Thornton v. National Academy of Sciences

CourtDistrict Court, District of Columbia
DecidedNovember 7, 2025
DocketCivil Action No. 2025-2155
StatusPublished

This text of Thornton v. National Academy of Sciences (Thornton v. National Academy of Sciences) is published on Counsel Stack Legal Research, covering District Court, District of Columbia primary law. Counsel Stack provides free access to over 12 million legal documents including statutes, case law, regulations, and constitutions.

Bluebook
Thornton v. National Academy of Sciences, (D.D.C. 2025).

Opinion

UNITED STATES DISTRICT COURT FOR THE DISTRICT OF COLUMBIA

THOMAS THORNTON,

Plaintiff,

v. No. 25-cv-2155

NATIONAL ACADEMY OF SCIENCES,

Defendant.

MEMORANDUM OPINION

Plaintiff Thomas Thornton alleges that his former employer, the National Academy of

Sciences (“NAS”), retaliated against him for complaining of race discrimination, in violation of

the False Claims Act, the D.C. Human Rights Act, and District of Columbia common law.
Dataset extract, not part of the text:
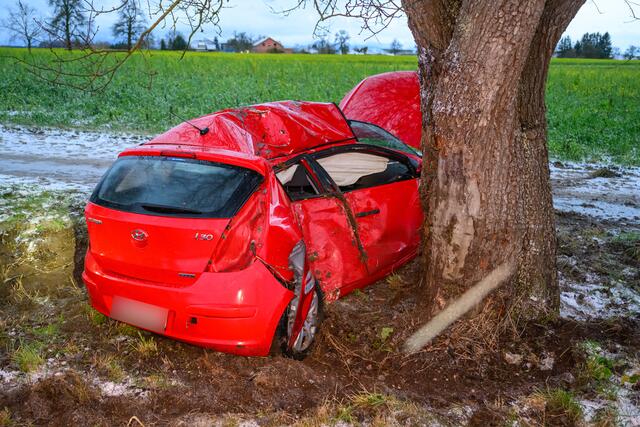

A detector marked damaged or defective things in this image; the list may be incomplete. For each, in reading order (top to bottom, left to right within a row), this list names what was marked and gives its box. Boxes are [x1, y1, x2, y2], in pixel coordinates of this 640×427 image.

crumpled car roof [144, 100, 356, 160]
crumpled car roof [338, 71, 422, 150]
See

Compl. ¶ 1, ECF No. 1-6. NAS moves to dismiss for failure to state a claim under Federal Rule

of Civil Procedure 12(b)(6). See generally Mot. to Dismiss, ECF No. 6. For the following reasons,

the court will GRANT NAS’s Motion to Dismiss as to the False Claims Act count and remand the

case to D.C. Superior Court for adjudication of the remaining local-law claims.

I. BACKGROUND

Thornton, a White man, was employed by NAS as Director of the Board on Environmental

Change and Society from November 2021 to August 2024. Compl. ¶¶ 6, 7, 30. Thornton reported

to Carlotta Arthur, the Executive Director of the Division of Behavioral and Social Sciences and

Education, who reports to Gregory Symmes, Chief Program Officer and Executive Officer. Id.

¶¶ 10–11.

Page 1 of 6 In 2023, NAS assembled a team of experts, including several Indigenous scholars, to “carry

out a consensus study on the co-production of environmental knowledge to assess the field and

recommend ways to effectively integrate Western Science and Indigenous and Local Knowledge

of environmental change for societal benefit.” Id. ¶¶ 17, 20. NAS received funding for the study

in part from the National Aeronautics and Space Administration. Id. ¶ 19. In conducting the study,

NAS maintained primary responsibility for drawing the applicable conclusions and preparing the

report in accordance with its existing policies and procedures. Id. ¶¶ 21–22. According to

Thornton, Arthur and Symmes “ignored or silenced Indigenous voices during the study,” including

by “kick[ing] a highly respected Indigenous scholar off the committee when he suggested an

alternative approach.” Id. ¶ 28.

Thornton alleges that NAS employed “racist ideology and methodology in conducting the

study” by placing “Western ‘white’ concepts of science on a higher level than Indigenous . . .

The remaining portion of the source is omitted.